Applied Biosystems have released data to the public from the genome sequencing of a Yoruba Nigerian HapMap sample. In their press release, AB claim that the data were generated using only 7 runs of the SOLiD system and at a total sequencing costs of less than 60.000$.
The data covered the genome 12 fold and paired end information provided a physical coverage of a 100 fold, i.e. the coverage stemming from the inserted but not sequenced part of paired end reads. Millions of SNP’s and a large number of structural variations were identified from the data.
As an amusing aside, AB gave these funny facts about the dataset:
- If all 36 billion bases were spread out at 1 millimeter apart, they would extend 36,000 kilometers, or more than 4,000 times the height of Mt. Everest, which at 8,848 meters above sea level, is the highest mountain on Earth.
- If all 36 billion bases were spread along the Great Wall of China at 1 millimeter apart, this would equate to spanning the 5,000 kilometer wall more than 7 times.
- If a person were to proofread the 36 billion bases in this dataset at one letter per second for 24 hours-per-day, it would take 1,200 years to read the entire data set.
- If each base represented one individual in the world population, the dataset would account for more than 5 times the entire world population of 6.8 billion people.
- This dataset, at 36 billion bases of DNA sequence, is equivalent to 360 times all of the 100 million visible stars in the Earth’s galaxy.
Does Solexa have problems with amplifying A/T rich regions? I just read a really interesting paper by Hillier et al, from Nature Methods which claims that this might be the case.
The paper is entitled “Whole-genome sequencing and variant discovery in C. elegans” and reports the use of Solexa technology to re-sequence two C.elegans specimens for variant discovery. The paper demonstrates the use of the Solexa technology for re-assembly of the C.elegans genome, especially when paired-end information is used.
However, it points to a general lack of coverage in A/T rich regions (see figure 2 of the supplementary material) which leaves a number of zero size gaps in the assembly - places where reads sit shoulder to shoulder but simply do not overlap. Having found these problematic A/T rich regions, the authors went back and took a look across the genome, where they found a general correlation between A/T content and read coverage. This correlation was stronger when examining a 200 bp window than when examining a 32 bp window. 200 bp corresponds to the size of the amplicons that are amplified during the cluster generation step prior to sequencing and 32 bp corresponds to the number of cycles in the actual sequencing by synthesis procedure.
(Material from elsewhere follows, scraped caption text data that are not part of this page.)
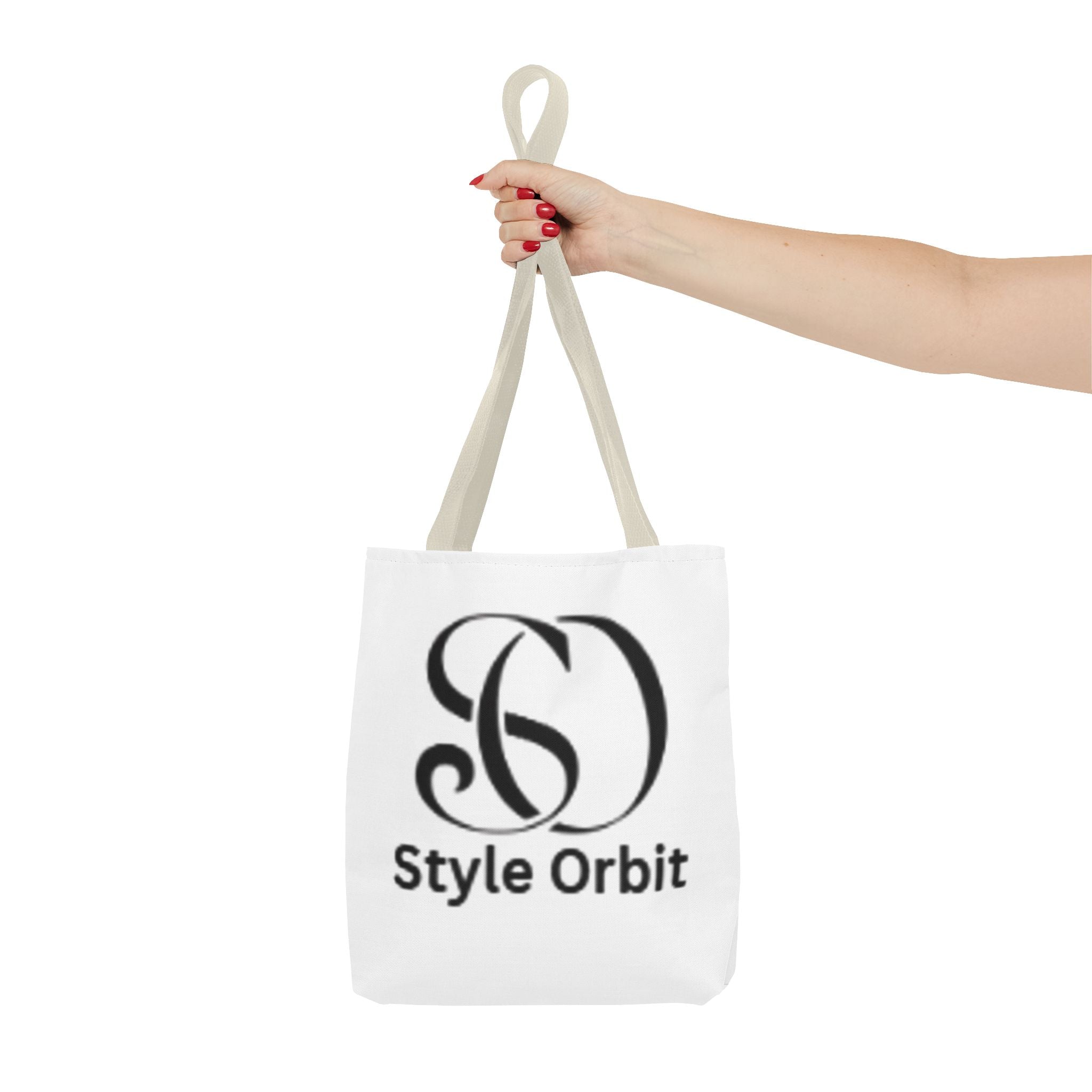 Daily Canvas Bag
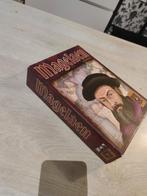 Magelaen bordspel - Ontdek de wereld!, Hobby en Vrije tijd, Gezelschapsspellen | Bordspellen, Gebruikt, Eemnesserlaan 11, 1382 KA Weesp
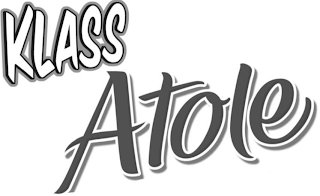 KLASS ATOLE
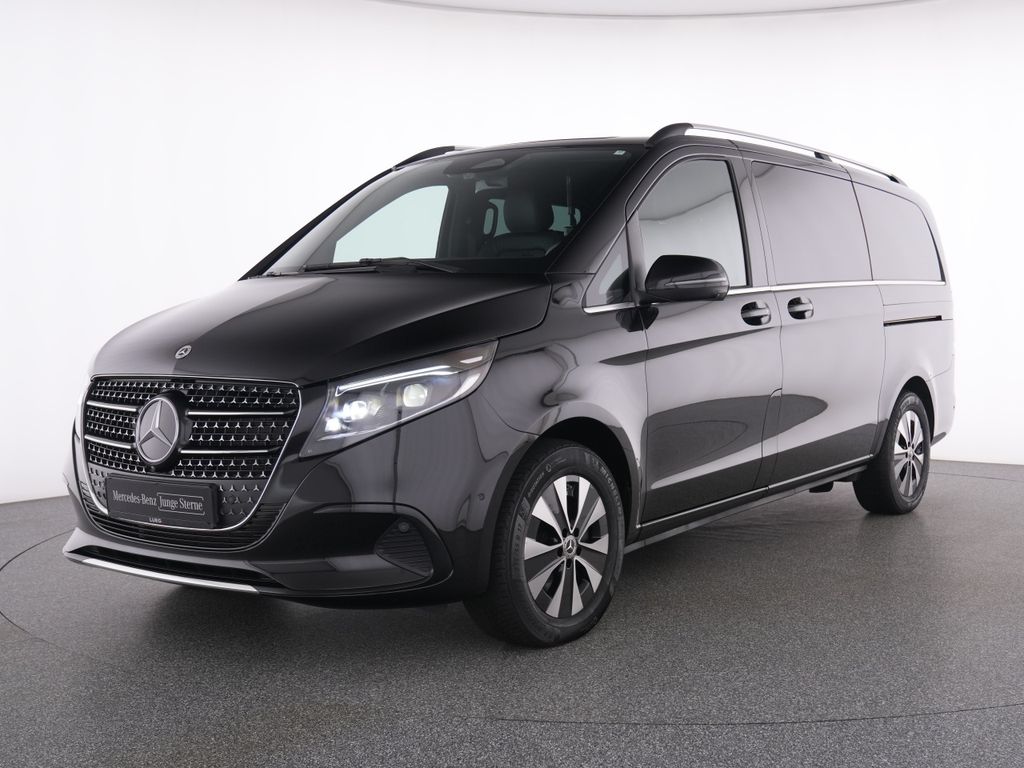 Image of Mercedes-Benz V 250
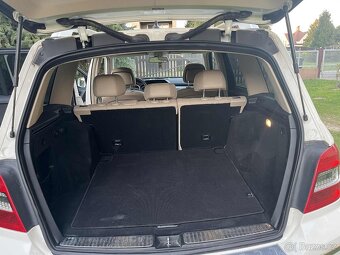 Mercedes Benz GLK 320 CDI - 7
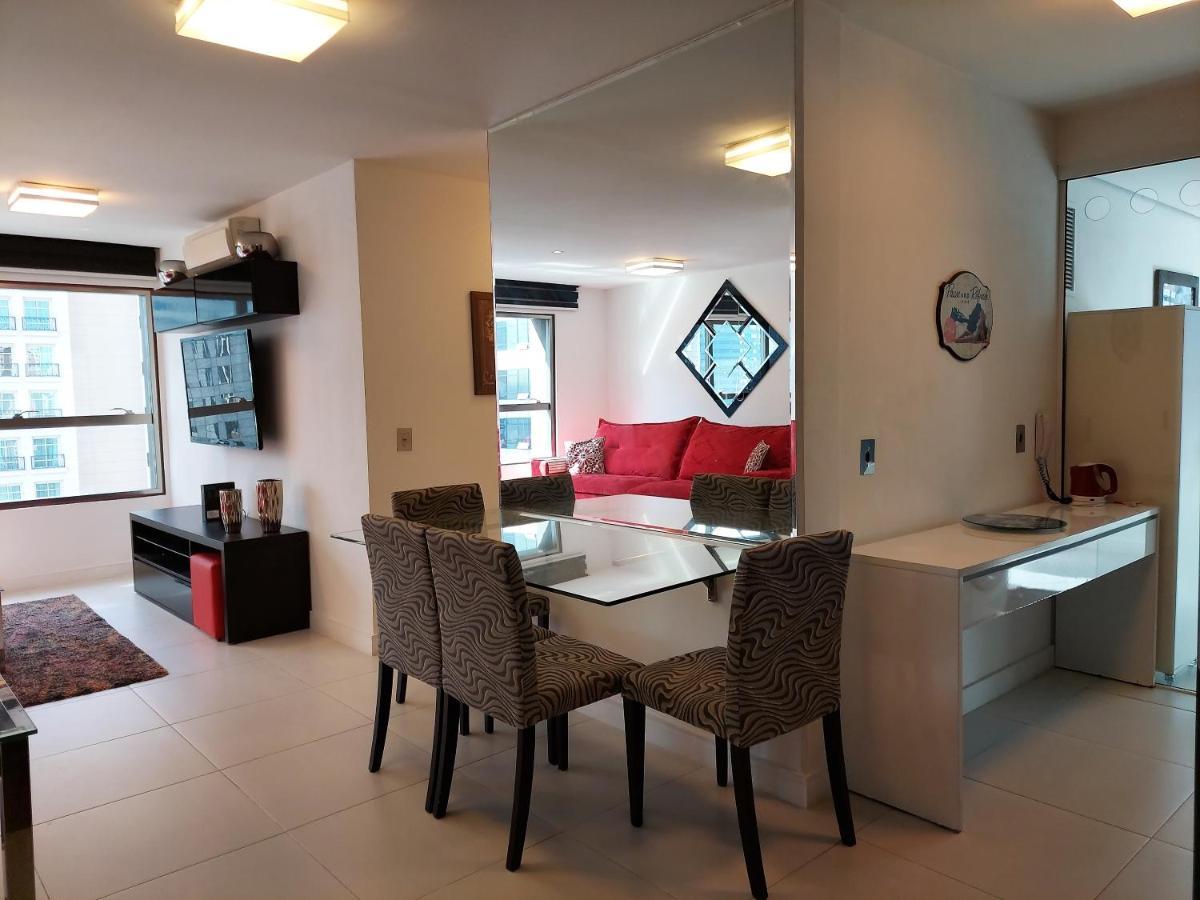 Modern Apt 2Bed 2Bath Wifi Brooklin Best Location In Sp Taboão da Serra Eksteriør billede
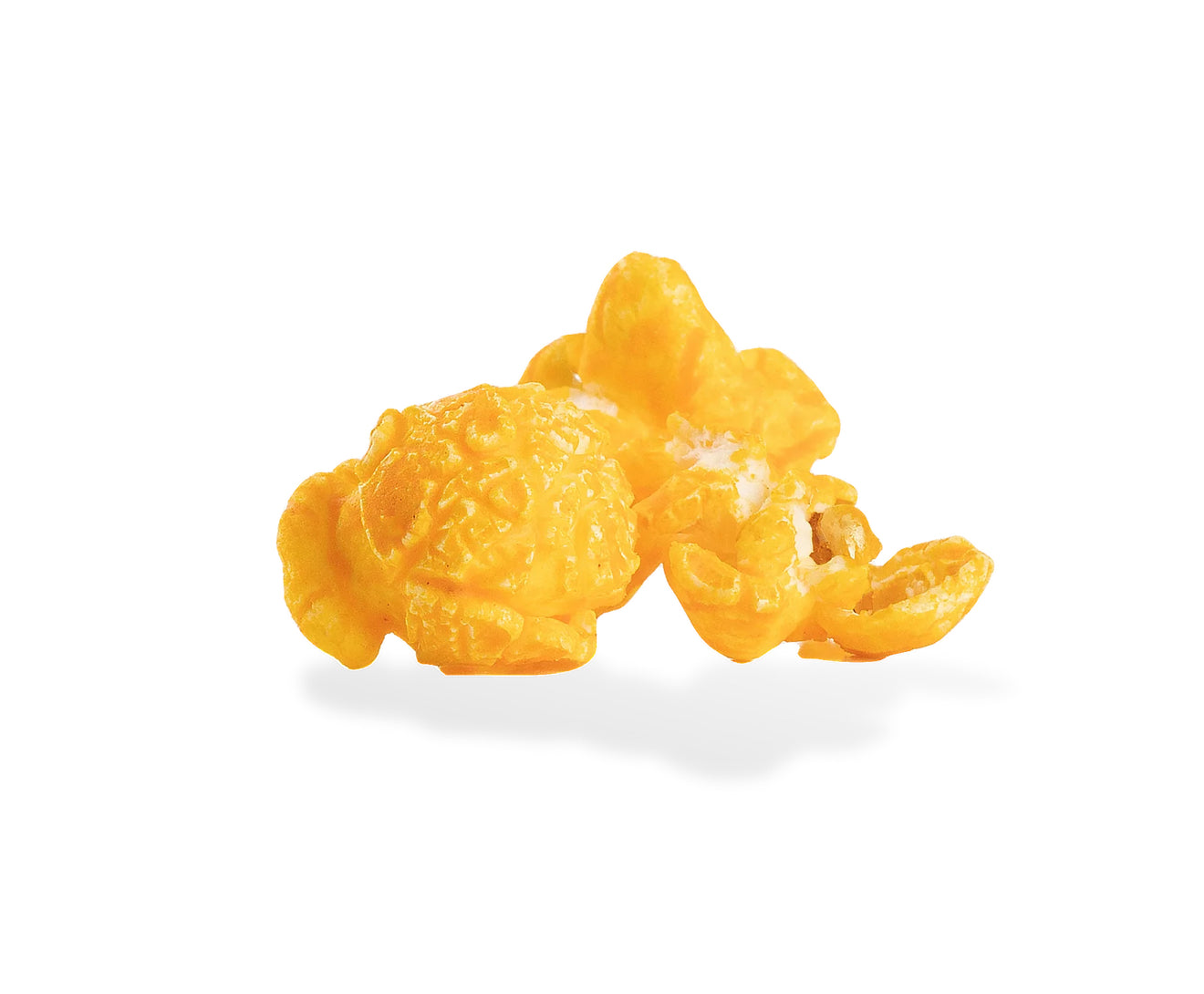 Bacon Cheddar Popcorn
This finding made Hillier et al. conclude that failure to amplify A/T rich regions during cluster generation is the cause of the low coverage (other reasons for the bias such as hairpin formation were also explored but discarded).
Unfortunately the authors did not pursue a chemical explanation for the phenomenon and did not investigate other Solexa datasets for a similar trend. Therefore it is premature to say whether this is a general phenomenon of the Solexa technology but it is definitely something that warrants the attention of people like us that are designing assembly- and variant detection algorithms.